Fundamental aspects of human psychology have more to do with why humans tend to divide into different social groups than race, religion, or even affiliation with a particular sports team — at least according to a new computer model created by Yale psychologists.

Rather than studying the question of group formation by examining people, the group of researchers from Yale and University of North Carolina at Chapel Hill designed a program that simulates groups coming together.

The model shows that simple rules of human interaction govern the formation of groups —chiefly how nice individuals are to others and how they treat one’s friends. According to study co-author and Yale professor of psychology David Rand, the findings suggest that deeply rooted elements of human psychology help explain why humans so often break into social groups.

“What we wondered was how you can get this powerful ‘us’ and ‘them’ without religion, race or other similar factors,” said Kurt Gray, a professor of psychology at UNC Chapel Hill and co-lead author of the study.

The computer model, only 80 lines of code long, considered four main factors: the number of people in the group, whether those in the group were trusting or suspicious, the degree to which good deeds went repaid — reciprocity — and the degree to which we share the attitudes of friends towards others, also known as transitivity.
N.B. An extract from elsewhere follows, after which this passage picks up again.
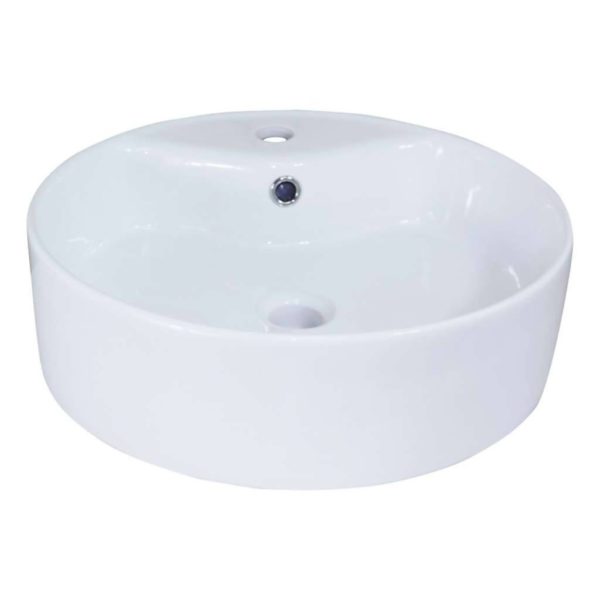 CT Alterne Dijon Basin, 465mm x 465mm x 140mm, Porcelain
The model indicated that reciprocity and transitivity govern the formation of groups in social interaction, two factors that together create a powerful sense of “us and them,” Gray said.

Reciprocity alone creates many individual relationships but does not itself create groups, Rand said in an email.  Instead, groups begin to form when transitivity and reciprocity work together.

The study demonstrates that the root causes of groups have less to do with social identity than typically thought, said Kevin Lewis, a co-author of the study and professor of sociology at the University of California San Diego.

Although factors such as race and religion do influence the formation of distinct social groups, preference to spend time with someone from the same racial group is actually a manifestation of underlying reciprocity and transitivity, Lewis said.

The type of computer modeling the group used is relatively new, and increasingly common in sociological and psychological experiments, Lewis said. The technique allows researchers to simulate a group of identical people interacting, an impossible task to carry out with real subjects, and the reason the research group decided to model group behavior on the computer. In addition, Rand said the simulation was able to study the consequences of these effects on large populations over long periods of time in a way that is impossible to do with real people.

Gray said the study calls into question the effectiveness of alleviating group conflict by trying to make individuals less sensitive to differences like race or religion.

An interactive demonstration of the study’s model is publicly available online.